"""

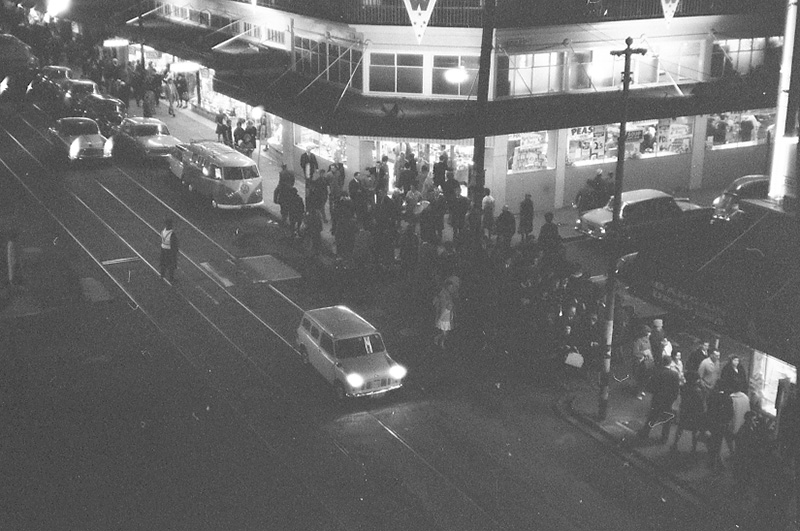 x. Traffic, Cuba St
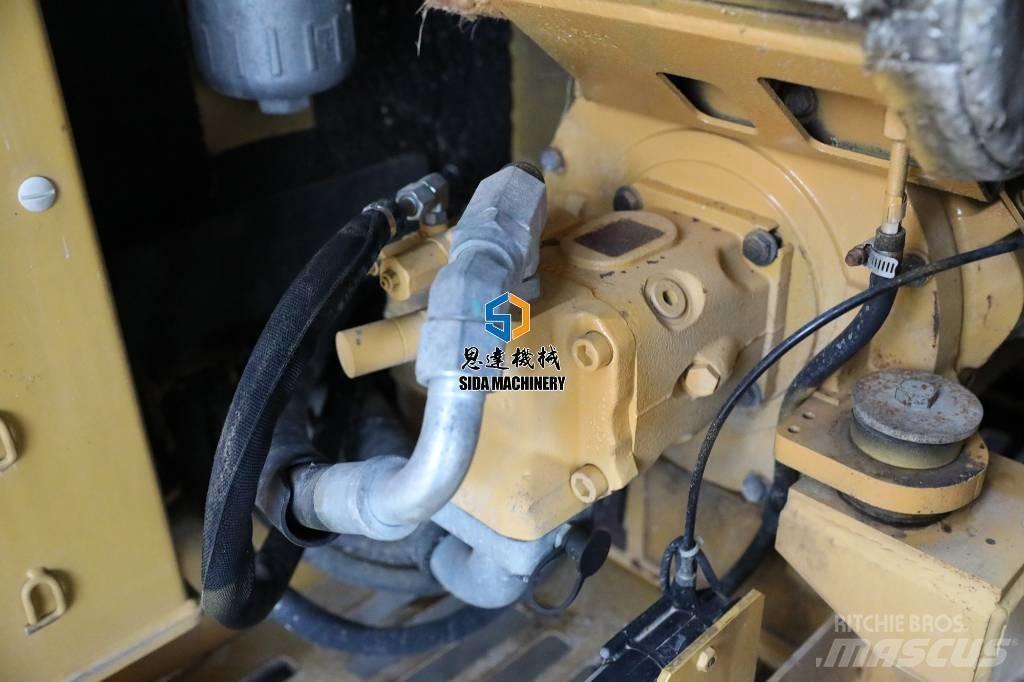 CAT 305.5E2 小型挖掘机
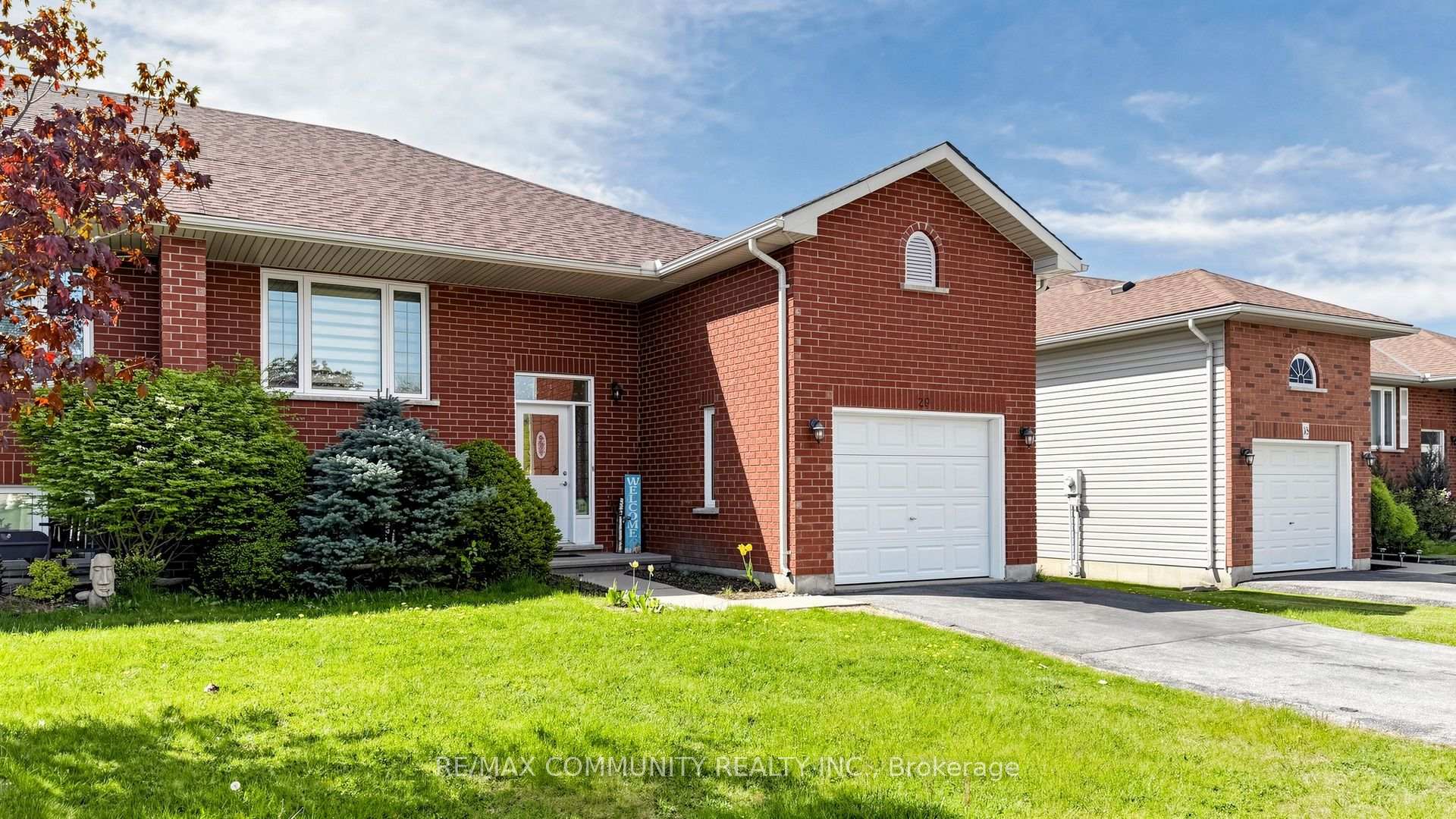 Photo 2 of 20 Landon Avenue, Norfolk, Simcoe — HOMEH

"""

EXERCISE DESCRIPTION => Reproduce the listing above exactly, without a single picture.

EXERCISE ANSWER =>
 x. Traffic, Cuba St
 CAT 305.5E2 小型挖掘机
 Photo 2 of 20 Landon Avenue, Norfolk, Simcoe — HOMEH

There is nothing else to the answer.